If $x$ is a continuous random variable with density $f(x)$. We call $H(x)$ the differential entropy:
$$H(P) = - \int f(x) \log f(x) dx$$

## Kullback-Leibler divergence

The KL divergence mesure how different are two probability distributions $P(X)$ and $Q(x)$ over the same probability space:

$$D_{KL}(P||Q) = E_{x \sim P} \left[ \log \frac{P(x)}{Q(x)} \right] = E_{x \sim P} [\log P(x) - \log Q(x)]$$

The KL divergence has many properties:
- it is $\geq 0$
- for discrete variable, it is $0$ if and only if $P$ and $Q$ are the same distribution.
- for continuous variable, it is $0$ if and only if $P$ and $Q$ are equal almost everywhere.  

It is can consired as some sort of distance between 2 distributions, but it's not a true distance metric because it's not symmetric: $D_{KL}(P||Q) \neq D_{KL}(Q||P)$.

For a discrete probability space, the KL divergence is:
$$D_{KL}(P||Q) = \sum_{x_i} P(x_i) \log \frac{P(x_i)}{Q(x_i)}$$

For a continous probability space with densities $p(x)$ and $q(x)$, the KL divergence is:
$$D_{KL}(P||Q) = \int p(x) \log \frac{p(x)}{q(x)} dx$$

## Cross Entropy

The cross entropy for two propability distributions $P(X)$ and $Q(X)$ over the same probability space is defined as:

$$H(P,Q) = - E_{X \sim P} \log Q(X)$$

The cross entropy is closely related to the KL divergence:
$$H(P,Q) = H(P) + D_{KL}(P||Q)$$
Minimizing the cross entropy with respect to $Q$ is equivalent to minimizing the KL divergence.  
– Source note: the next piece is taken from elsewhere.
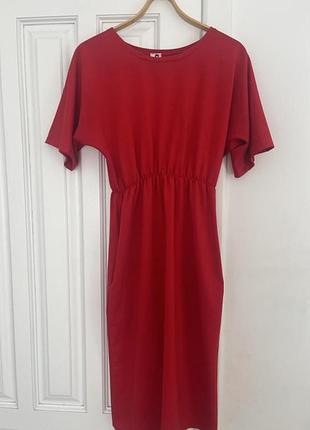 Красива трикотажна сукня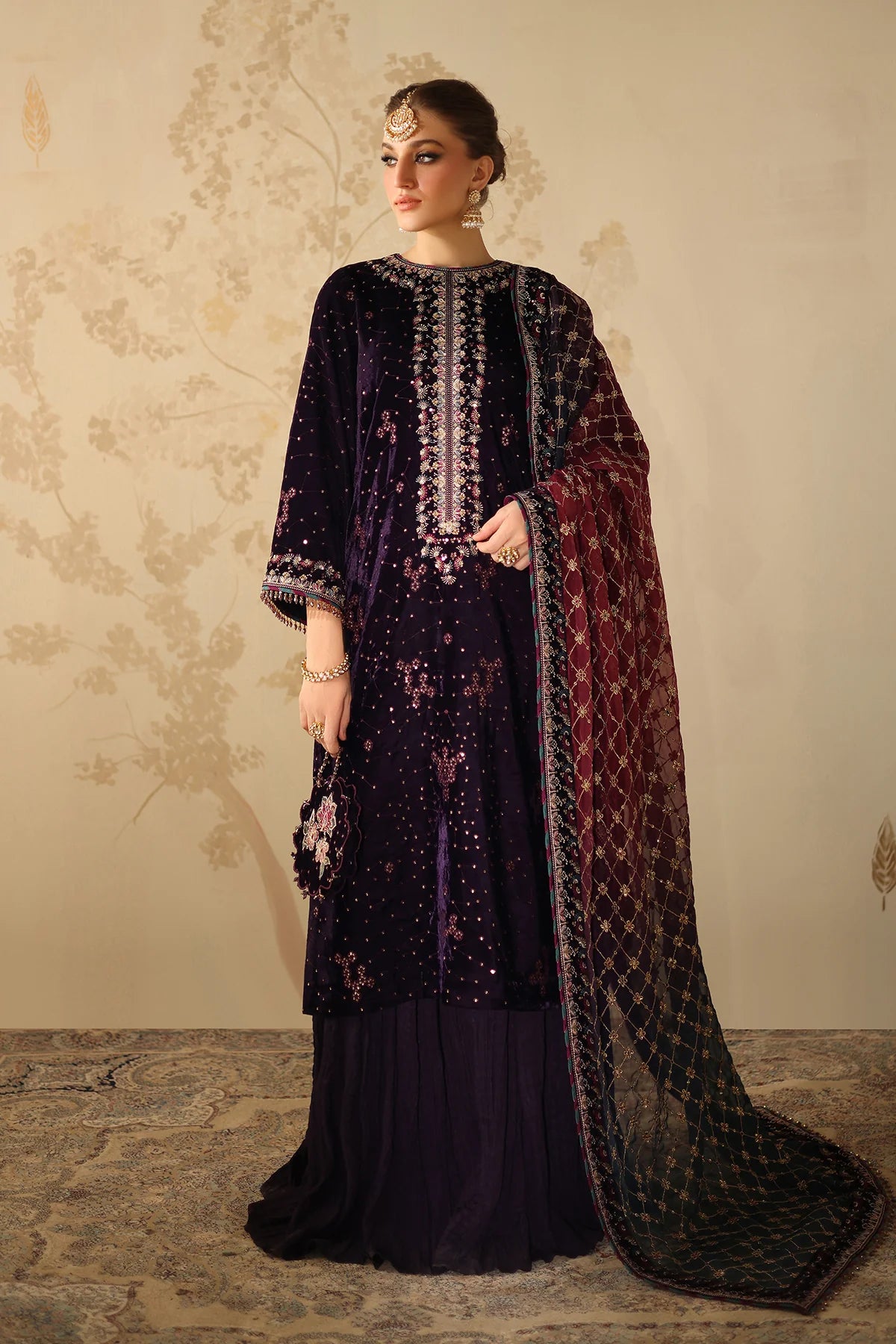 EMBROIDERED VELVET SF-4319 | Baroque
For a discrete probability space, the cross-entropy is:
$$H(P,Q) = - \sum_{x_i} P(x_i) \log Q(x_i)$$

For a continuous probabiliyt space with densities $p(x)$ and $q(x)$, the cross-entropy is:
$$H(P,Q) = - \int P(x) \log Q(x) dx$$

## Mutual Information

The mutual information between two random variables is a measure of the mutual dependence between them. It mesures how much knowing one of these variables reduces uncertainty about the other.  
If $X$ and $Y$ are indepandant, their mutual information is $0$. On the other hand, if $X$ is a deterministic function of $Y$ and vice-versa, the mutual information is at it's maximum.  

It is defined as:
$$I(X;Y) = E_{x,y \sim P(x,y)} \left[ \log \frac{P(x,y)}{P(x)P(y)} \right]$$

Mutual information can be expressed using entropy:
$$I(X;Y) = H(Y) - H(Y|X)$$

Mutual information is also related to the KL divergence:
$$I(X;Y) = D_{KL} (P(x,y)||P(x)P(y))$$

Mutual information can be extended to the multivariate case:
$$I(X_1; \text{...}, X_{n+1}) = I(X_1;\text{...};X_n) - I(X_1;\text{...};X_n|X_{n+1})$$
$$\text{where } I(X_1;\text{...};X_n|X_{n+1}) = E_{X_{n+1}}[I(X_1;\text{...};X_n)|X_{n+1}]$$